Philippine Airlines Flight 143 (PR143) was a domestic flight from the Manila Ninoy Aquino Airport, Manila, Philippines to Mandurriao Airport, Iloilo City. On May 11, 1990, at Manila Ninoy Aquino International Airport the Boeing 737-300 (C/N 24466, MSN 1771) assigned to the route suffered an explosion in the central fuel tank and was consumed by fire in as little as four minutes.

Accident
The air temperature had been high at the time of the accident, about , while the Boeing 737-300 was parked at Manila. The air conditioning packs, located beneath the center wing fuel tank of the 737, had been running on the ground before pushback (approximately 30 to 45 minutes). The center wing fuel tank, which had not been filled in two months, likely contained some fuel vapors. Shortly after pushback a powerful explosion in the center fuel tank pushed the cabin floor violently upward.
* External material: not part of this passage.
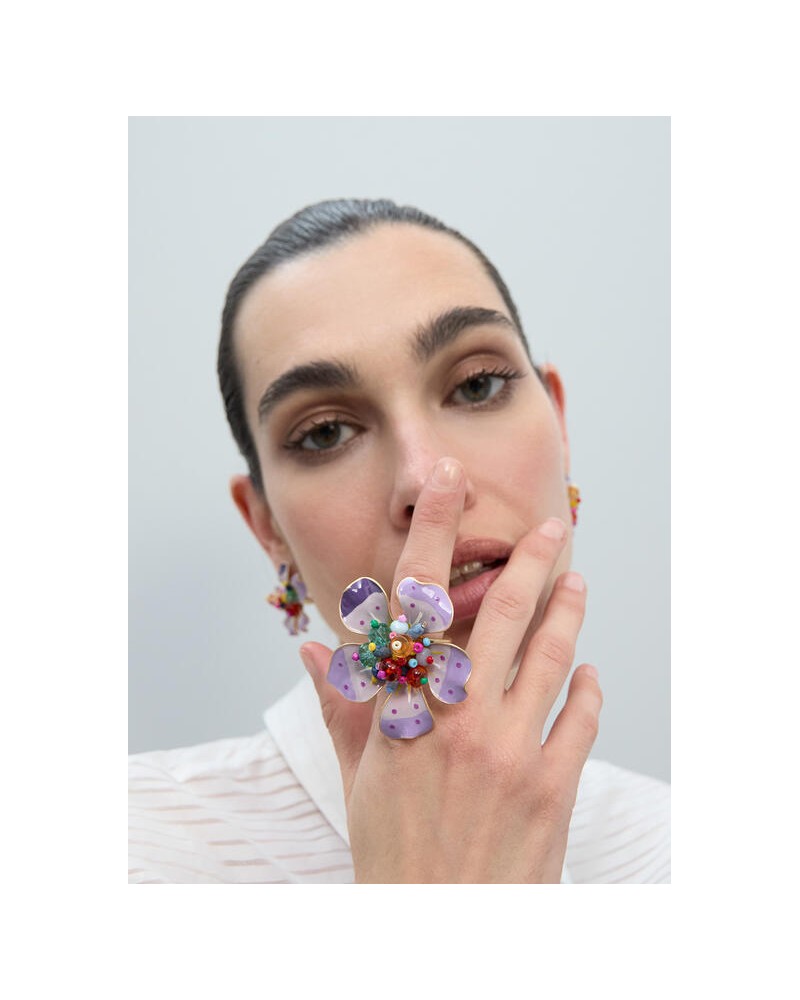 Anillo de flor lacada con abalorios Lola Casademunt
The wing tanks ruptured, causing the airplane to burst into flames.

The majority of the 114 passengers and 6 crew escaped via the emergency chutes, which had been deployed following the blast.

Several passengers reported as many as three explosions in the plane, and Oscar Alejandro, then director of the Philippine Air Transport Office, confirmed the engines had not been started at the time of the blasts.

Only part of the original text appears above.